Slate saw their traffic from Facebook drop by 87% in a year after changes in how FB prioritises news and personal messages in your timeline. Talking Points Memo reflects on it and doing so formulates a few things I find of interest.
TPM writes:
“Facebook is a highly unreliable company. We’ve seen this pattern repeat itself a number of times over the course of company’s history: its scale allows it to create whole industries around it depending on its latest plan or product or gambit. But again and again, with little warning it abandons and destroys those businesses.” …”Google operates very, very differently.”..”Yet TPM gets a mid-low 5-figure check from Google every month for the ads we run on TPM through their advertising services. We get nothing from Facebook.”..”Despite being one of the largest and most profitable companies in the world Facebook still has a lot of the personality of a college student run operation, with short attention spans, erratic course corrections and an almost total indifference to the externalities of its behavior.”
This first point I think is very much about networks and ecosystems, do you see others as part of your ecosystem or merely as a temporary leg-up until you can ditch them or dump externalities on.
The second point TPM makes is about visitors versus ‘true audience’.
“we are also seeing a shift from a digital media age of scale to one based on audience. As with most things in life, bigger is, all things being equal, better. But the size of a publication has no necessary connection to its profitability or viability.” It’s a path to get to a monopoly that works for tech (like FB) but not for media, the author Josh Marshall says. “…the audience era is vastly better for us than the scale era”
Audience, or ‘true audience’ as TPM has it, are the people who have a long time connection to you, who return regularly to read articles. The ones you’re building a connection with, for which TPM, or any newsy site, is an important node in their network. Scaling there isn’t about the numbers, although numbers still help, but the quality of those numbers and the quality of what flows through the connections between you and readers. The invisible hand of networks more than trying to get ever more eye-balls.

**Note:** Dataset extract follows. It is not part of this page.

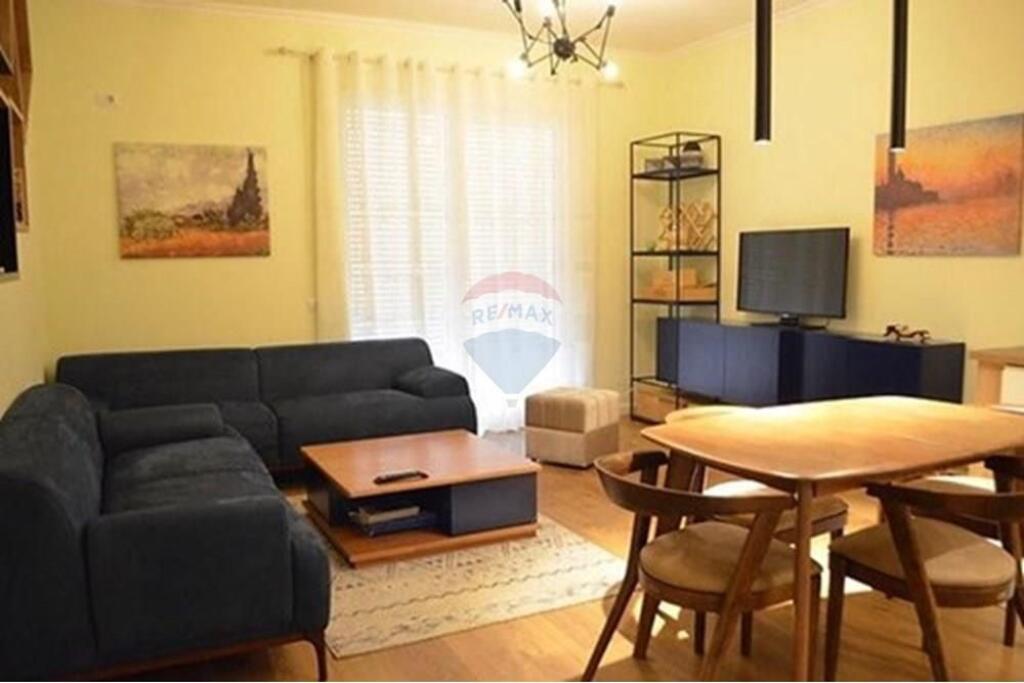 Appartamento 2+1 in vendita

Scale thinking would make blogging like I do useless, network thinking makes it valuable, even if there are just 3 readers, myself included. It’s ‘small b’ blogging as Tom Critchlow wrote a few months ago. “Small b blogging is learning to write and think with the network“. Or as I usually describe it: thinking out loud, and having distributed conversations around it. Big B blogging, Tom writes, in contrast “is written for large audiences. Too much content on the web is designed for scale” and pageviews, where individual bloggers seem to mimick mass media companies. Because that is the only example they encounter.